*Assignment:*
Beginning with the line that holds "May include: Five" in the data below, give again every line through the one that holds "3485 Environ Boulevard, Unit", exactly as written.

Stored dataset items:
+++++

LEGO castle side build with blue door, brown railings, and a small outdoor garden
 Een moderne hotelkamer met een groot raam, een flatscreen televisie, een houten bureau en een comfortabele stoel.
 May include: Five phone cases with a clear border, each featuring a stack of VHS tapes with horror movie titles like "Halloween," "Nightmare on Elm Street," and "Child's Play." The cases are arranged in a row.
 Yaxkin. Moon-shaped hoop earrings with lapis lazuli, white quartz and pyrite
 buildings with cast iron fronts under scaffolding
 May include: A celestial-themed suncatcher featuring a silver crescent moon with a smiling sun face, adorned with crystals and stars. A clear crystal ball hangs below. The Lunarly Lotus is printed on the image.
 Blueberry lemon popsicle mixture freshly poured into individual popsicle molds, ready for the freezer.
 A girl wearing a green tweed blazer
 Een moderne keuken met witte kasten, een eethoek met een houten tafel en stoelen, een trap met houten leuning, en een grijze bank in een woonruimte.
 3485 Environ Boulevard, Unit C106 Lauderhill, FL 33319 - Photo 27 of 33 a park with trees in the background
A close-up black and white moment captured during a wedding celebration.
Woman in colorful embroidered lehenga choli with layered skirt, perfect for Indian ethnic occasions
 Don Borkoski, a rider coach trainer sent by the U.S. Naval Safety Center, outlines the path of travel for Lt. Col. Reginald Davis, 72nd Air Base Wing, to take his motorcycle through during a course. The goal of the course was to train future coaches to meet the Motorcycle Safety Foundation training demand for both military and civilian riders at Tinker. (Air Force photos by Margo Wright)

+++++

*Reply:*
 May include: Five phone cases with a clear border, each featuring a stack of VHS tapes with horror movie titles like "Halloween," "Nightmare on Elm Street," and "Child's Play." The cases are arranged in a row.
 Yaxkin. Moon-shaped hoop earrings with lapis lazuli, white quartz and pyrite
 buildings with cast iron fronts under scaffolding
 May include: A celestial-themed suncatcher featuring a silver crescent moon with a smiling sun face, adorned with crystals and stars. A clear crystal ball hangs below. The Lunarly Lotus is printed on the image.
 Blueberry lemon popsicle mixture freshly poured into individual popsicle molds, ready for the freezer.
 A girl wearing a green tweed blazer
 Een moderne keuken met witte kasten, een eethoek met een houten tafel en stoelen, een trap met houten leuning, en een grijze bank in een woonruimte.
 3485 Environ Boulevard, Unit C106 Lauderhill, FL 33319 - Photo 27 of 33 a park with trees in the background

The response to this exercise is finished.